Хороший вопрос. Хотел бы я посмотреть на человека, которого это устроило бы. Они не хотят со мной возиться, они боятся скандала, если вдруг что не так, но готовы пойти на риск, если я окажу спонсорскую помощь. А коль не окажу, то и они забесплатно рисковать не хотят. Что ж, разумно. Во всяком случае, я Медузу понимал.
- Давайте договоримся так: я полежу у вас еще несколько дней, пока не начнут возвращаться с огородов ваши пациенты.
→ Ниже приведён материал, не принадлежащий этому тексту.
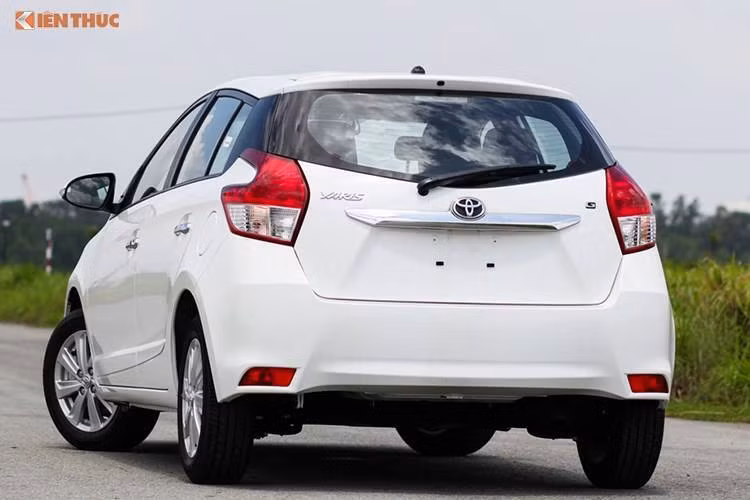 Xe sử dụng động cơ I4 VVT-i dung tích 1.3L và hộp số tự động 4 cấp. Sức mạnh sinh ra từ động cơ này có công suất tối đa 84 mã lực tại vòng tua 6.000 vòng/phút và mô-men xoắn cực đại đạt 121Nm tại 4.400 vòng/phút. Tại Việt Nam, xe Toyota Yaris mới có giá bán từ 592 tới 642 triệu đồng.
За это время, я надеюсь, объявится кто-нибудь из моих близких и все устроит.
- Я сама могу все устроить, - с готовностью отозвалась главврач. Обзвоню московские клиники, узнаю, где самые лучшие невропатологи, где хорошие условия. Мы дадим вам транспорт, чтобы вы могли доехать до места. Нужно только, чтобы вы мне сказали, о какой сумме может идти речь. Сколько денег вы можете потратить на клинику? Я так понимаю, что в бесплатном отделении вы лежать не захотите, там и уход куда хуже, и условия, и питание, и отдельных палат нет. Назовите мне сумму, и уже завтра вы будете лежать в прекрасной больнице и есть на завтрак бутерброды с икрой.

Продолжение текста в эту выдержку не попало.